Monday, April 15, 2013


Someone has to ask: What happens if the Boston bombing is replicated in Waikiki?

by Larry Geller

Like many readers, I spent a good part of the day glued to Twitter and the Boston police scanner feed. In part because, I’ll have to admit, of fear that the same thing could happen here.

The images were shocking, and the news that runners who had just crossed the finish line had to have their legs amputated… well, I have no words that work to describe my multiple emotions.

And then Mayor Kirk Caldwell issued what I’ll say with great restraint, is a very problematic statement. Read it on the Star-Advertiser web page: Honolulu is safe, Caldwell assures residents (Star-Advertiser, 4/15/2013).
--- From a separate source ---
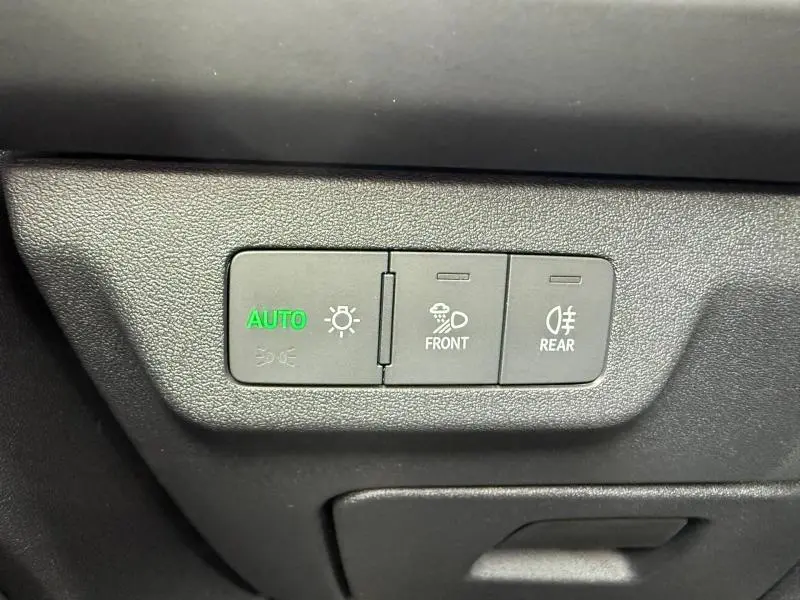Gros plan sur les commandes d’éclairage automatique et antibrouillard avant et arrière dans un Audi Q3 noir Mythique métallisé.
They have the Boston Marathon. We have the Honolulu Marathon. There is no way that any amount of police/federal/military cooperation can prevent a knapsack bomb from being brought into Hawaii. Yes, we are a peaceful people, but someone arriving here from the outside world intent on wreaking havoc will not be.

My view: we are as vulnerable as any other city, at least.
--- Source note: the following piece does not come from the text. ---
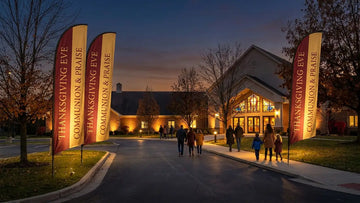 Thanksgiving Eve twilight communion church feather flags warmly illuminated along driveway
As I’ve pointed out before, we can’t even keep illegal fireworks out, nor are our police any good at all in stopping their use.

More: a similar event in Honolulu, particularly in Waikiki, can quickly turn off the spigot on tourist dollars flowing into our economy. It is precisely because of that effect, coupled with the density of tourists in Waikiki, that could make us a prime target.
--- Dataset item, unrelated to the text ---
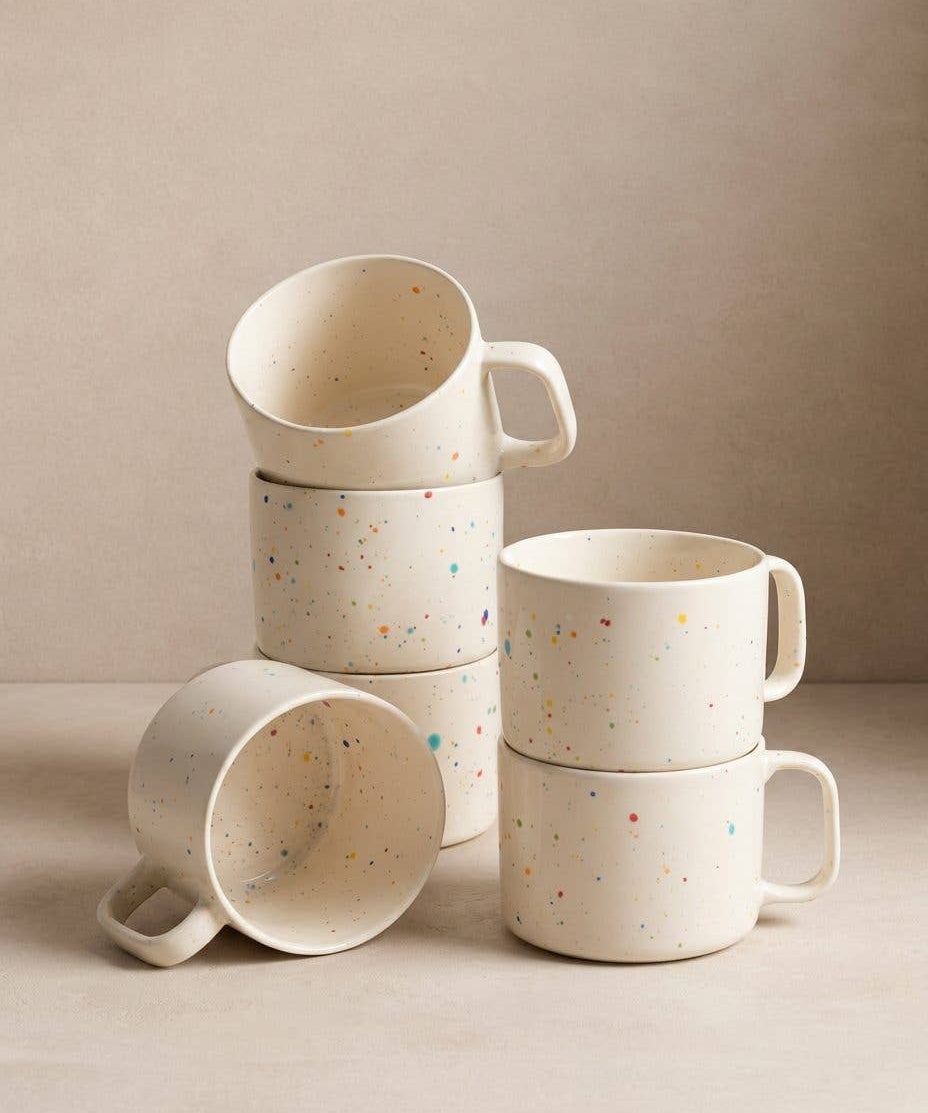 Set of Egg Back Home white ceramic mugs with colourful speckles on a neutral background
For now, I just want to make that observation.

Honolulu is different from Boston (who would have figured Boston for an attack, anyway?). One difference is that their economy will not take the hit ours would.

I don’t know what Caldwell should say, or what could be done to prevent a similar event from happening here. Across the world, these bombings happen all too frequently, and Honolulu has no special immunity.

Long-term, we might double-down on diversifying our economy, but the trouble with that is that no one knows how to do it.


I think of the tsunami warnings in Waikiki and how the cars trying to get out of the area all back up on the Ala Wai and grid lock the neighborhood.

Larry, exactly what was troubling about the Mayor's statement. Sounded like the standard one every Mayor gives in cases like this. I don't think anyone should read much into these things.

I can't say anything about what other mayors might have said, but it doesn't compute for me in several ways. For example, we may be the "safest city in America," but that is unrelated to this kind of bombing. Boston had barriers up, the area was well patrolled, and yet this happened. Or, “I like to believe the people of Honolulu, with the aloha spirit and how we’re a small community … that these bad things will never happen here..." Of course it could happen here, and it may or may not be perpetrated by someone from the community, brimming with aloha. First step should be to realize that it can happen, and maybe say something about what is being done to minimize the chance of success. Anyway, that was my reaction.